Ogni essere vivente è in principio portato ad amare se stesso e risponde solo al principio di autoconservazione, quindi tenderà a soddisfare la sete, la fame e così via, soltanto crescendo si sviluppa la ragione che fa sì che ci si renda conto che la cosa propria dell’uomo è la virtù. Anche la virtù per gli stoici è corporea, essa infatti non è altro che l’anima in condizioni eccellenti e per raggiungere questa condizione sarà necessario comportarsi secondo la propria natura, così gli esseri razionali per raggiungere la virtù dovranno comportarsi secondo ragione e quindi compiere le azioni non in base ad un impulso, ma in base ad un ragionamento tale da consentire in seguito una loro giustificazione. La virtù per gli stoici è l’unica cosa che ha valore assoluto, tutte le altre cose infatti hanno un valore soltanto relativo, la ricchezza quindi è preferibile alla povertà, ma non è un ingrediente della virtù, tant’è che furono stoici sia un imperatore come Marco Aurelio sia uno schiavo come Epitteto. Gli stoici ravvisano il fine dell’uomo nella felicità, ma dimenticano di fare, come invece aveva fatto Aristotele, la distinzione tra felicità e felicità compiuta, infatti secondo loro all’uomo non serve nulla per essere felice oltre la virtù. La virtù inoltre non ammette gradi, cioè non si può essere un po’ virtuosi, ma o si è virtuosi o non lo si è, così come non c’è differenza fra l’essere un metro sotto l’acqua o dieci metri sotto l’acqua, in entrambi i casi non si è fuori dall’acqua. Il passaggio alla virtù quindi, là dove avviene, è istantaneo e totale.

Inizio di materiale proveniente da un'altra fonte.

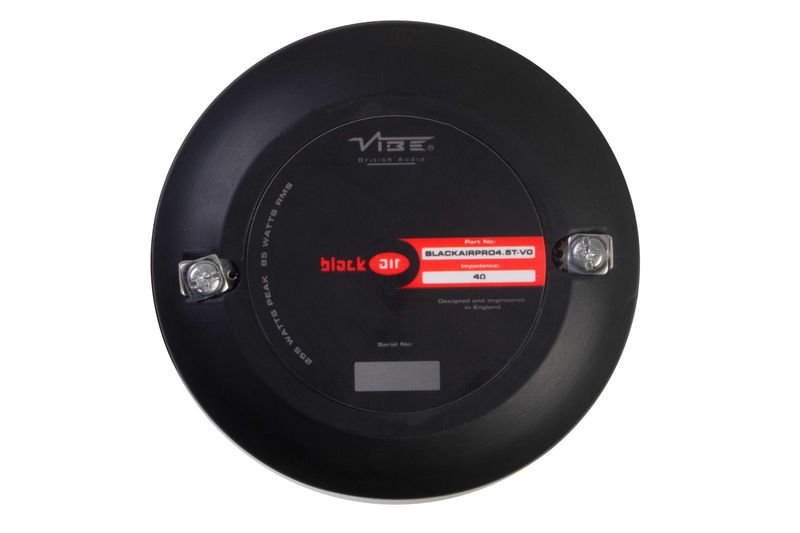 Vibe BLACK AIRPRO4.5T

Com’è possibile vivere secondo virtù? L’ambiente in cui un uomo vive e il risultato delle sue azioni non dipendono certo dall’uomo, è importante quindi l’intenzione con cui un uomo agisce e il suo modo di reagire di fronte alla realtà che lo circonda. È a proposito del vivere virtuosamente che gli stoici introducono il problema della libertà umana. Seneca dirà “ducunt volentem fata, nolentem trahunt”, ossia “il fato conduce chi si vuole far condurre e trascina tutti gli altri”. Gli stoici fanno il paragone del cane legato ad un carro, il cane necessariamente correrà, può solo decidere se correre di sua spontanea volontà oppure farsi trascinare. La libertà quindi consiste nell’accettare o meno il destino, per questo motivo solo il sapiente può essere libero, egli infatti è l’unico che conosce alla perfezione l’ordine razionale dell’universo. Proprio per questo motivo la schiavitù giuridica non ha più alcuna importanza, poiché anche uno schiavo può diventare sapiente e lasciarsi condurre dal fato. A questo punto vediamo come per gli stoici, il sapiente ha orizzonti più ampi di quelli della città, il sapiente è come se vivesse all’interno dell’intero cosmo, i sapienti è come se fossero una comunità a parte, un po’ come aveva già detto Ippia ponendo le basi per un atteggiamento cosmopolita.
Gli stoici a differenza degli Epicurei, incitavano alla vita politica, anche se comunque la maggior parte degli esponenti dello stoicismo non ne prese mai attivamente parte.